Diante da extensão do PLP, meu foco neste texto estará, principalmente, voltado ao ITCMD. Desde logo mencione-se que o projeto apresentado pelo governo tem o mérito de estabelecer as normas gerais de tal tributo – medida necessária para fins de uniformização da cobrança entre os entes federativos e, ainda mais, para possibilitar a incidência do imposto nas doações ou heranças no exterior. Com isso, supre lacuna legislativa relevante e tem o potencial de ampliar os níveis de progressividade do sistema tributário nacional, também pela disciplina da tributação de bens e direitos objeto de trust no exterior. A despeito dos avanços, há pontos no projeto que têm o potencial de gerar contencioso administrativo e judicial.
O primeiro deles se refere justamente à tributação de heranças e doações no exterior: com a eventual aprovação do PLP, estaria suprida a condição posta pelo Supremo Tribunal Federal (STF) para a incidência do ITCMD em tais hipóteses. Nesse caso, seria defensável afirmar a necessidade de novas leis estaduais sobre o tema, sem a possibilidade de aplicação de legislação eventualmente existente por ocasião da decisão do Supremo. Ainda que seja adequado afirmar que a ausência de normas gerais da União não deve refrear a competência dos Estados, nos termos do artigo 24, parágrafo 3º, da Constituição, o Supremo posicionou-se pela precedência da lei complementar como condição à tributação. Daí, pois, a necessidade de novas normas estaduais, sob pena da inadequada “constitucionalidade superveniente” daquelas já existentes.

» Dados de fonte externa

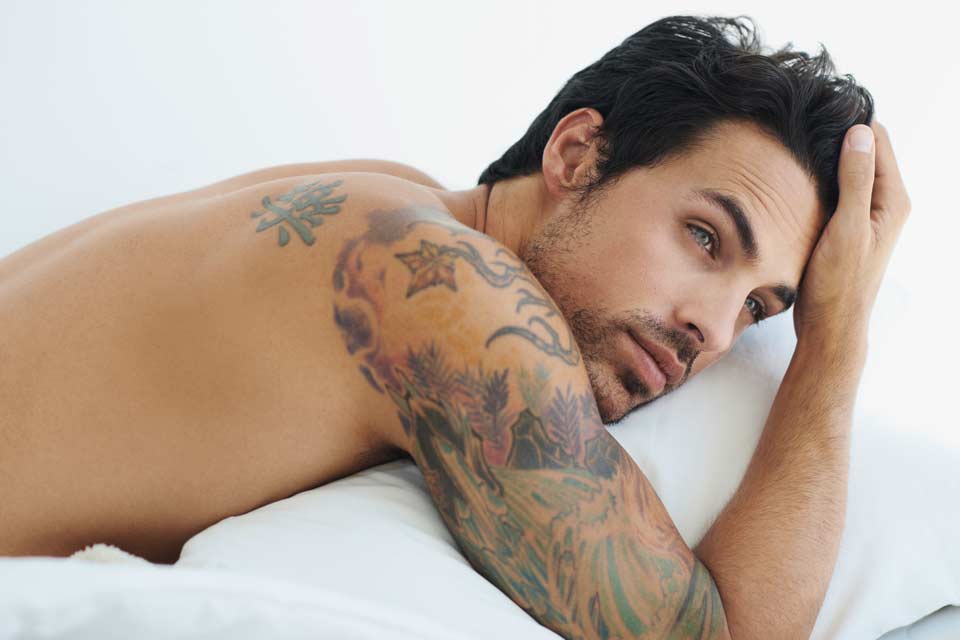 Handsome man with sleeve tattoo lying in bed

O segundo ponto tem relação com a possibilidade de incidência do imposto nas transmissões entre “pessoas vinculadas” sem justificativa negocial (artigo 160, parágrafo 5º). Mesmo que se trate de medida necessária para coibir eventuais fraudes, seria desejável o detalhamento do procedimento administrativo pelo qual se provará a inexistência de tal justificativa, sob pena de renovação dos debates (administrativos e judiciais) em torno das teorias de planejamento tributário e o direito à economia de tributos. Lembremos que o ato de lançamento é ato administrativo vinculado que deve ser motivado e acompanhado das provas colhidas ao longo do procedimento de fiscalização, as quais formalizam em linguagem o fato jurídico tributário. A ausência de justificativa negocial não pode ser presumida e nem sequer sua prova negativa estar a cargo do sujeito passivo.

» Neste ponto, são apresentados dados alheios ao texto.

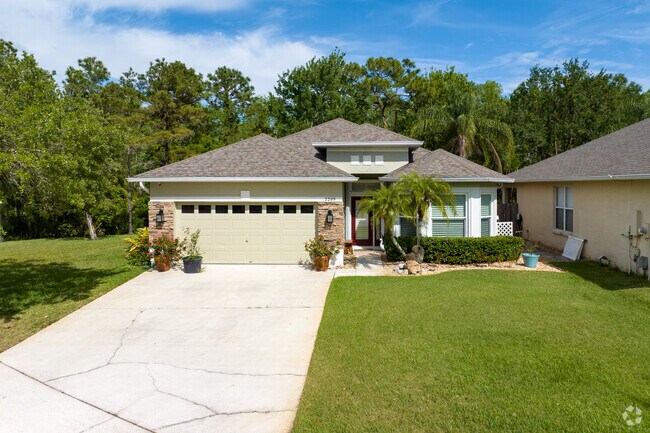 A midsized traditional home in Cypress Springs.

Por fim, mas sem pretensão de ser exaustiva, enxergo com alguma estranheza o artigo 167, inciso II do PLP, que estabelece como dies a quo para a contagem do prazo decadencial a data do “conhecimento do ato ou negócio jurídico pela administração tributária estadual ou distrital”, nos casos em que não tenha havido formalização de ato ou negócio jurídico sujeito à incidência do imposto. O dispositivo desvirtua o prazo de decadência e a atividade administrativa de fiscalização: segundo o Código Tributário Nacional (CTN), na omissão do sujeito passivo quanto ao cumprimento de seus deveres instrumentais relativos à formalização do fato jurídico tributário, deverá a administração lançar o tributo de ofício e o prazo para tanto será aquele disposto no artigo 173, inciso I do Código – essa determinação decorre do artigo 149 e respectivos incisos do CTN.

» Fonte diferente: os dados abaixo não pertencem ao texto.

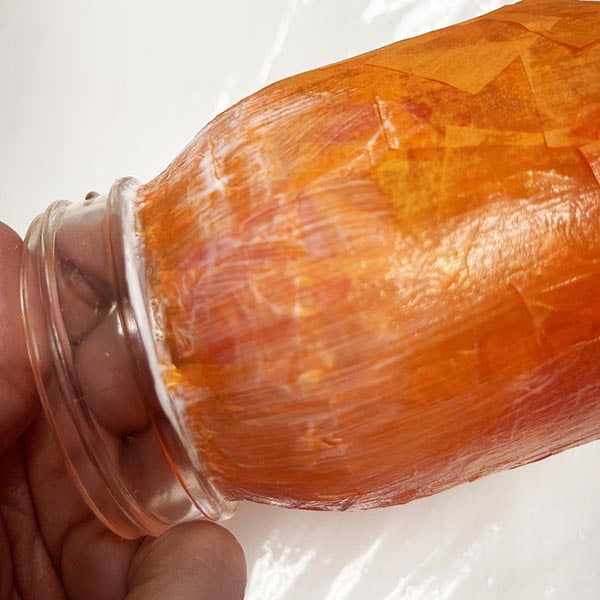 Making sure under the neck of the jar is sealed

Da forma como está, o PLP possibilita que atos que o contribuinte não interpretou como passíveis de incidência do imposto estejam sempre com o prazo de decadência a iniciar. O cenário torna-se ainda mais inseguro com a combinação desse dispositivo com aquele que determina a incidência do imposto nas transmissões entre as denominadas pessoas vinculadas: a interpretação, do contribuinte, pela existência de “justificativa negocial” afastaria o recolhimento do imposto e, assim, não haveria qualquer ato ou negócio jurídico a ser formalizado. Compreensão diversa da administração, porém, somente se sujeitaria ao prazo decadencial quando a administração tomar conhecimento de tal fato e o qualificar como passível de incidência do ITCMD. A insegurança jurídica seria evidente.
Por fim, uma última observação sobre o ITBI: são bem-vindas as alterações ao CTN, de modo a adequar o artigo 35 às normas constitucionais. O mesmo não se diga, no entanto, quanto à possibilidade de incidência do imposto antes mesmo do registro da transmissão imobiliária ou do direito real relativo a imóvel. A interpretação do artigo 35-A que seria acrescido ao CTN deve se limitar aos casos de registro do bem ou direito na serventia competente, sob pena de incidência do imposto em momento não previsto no texto constitucional, como fixado, inclusive, pela jurisprudência.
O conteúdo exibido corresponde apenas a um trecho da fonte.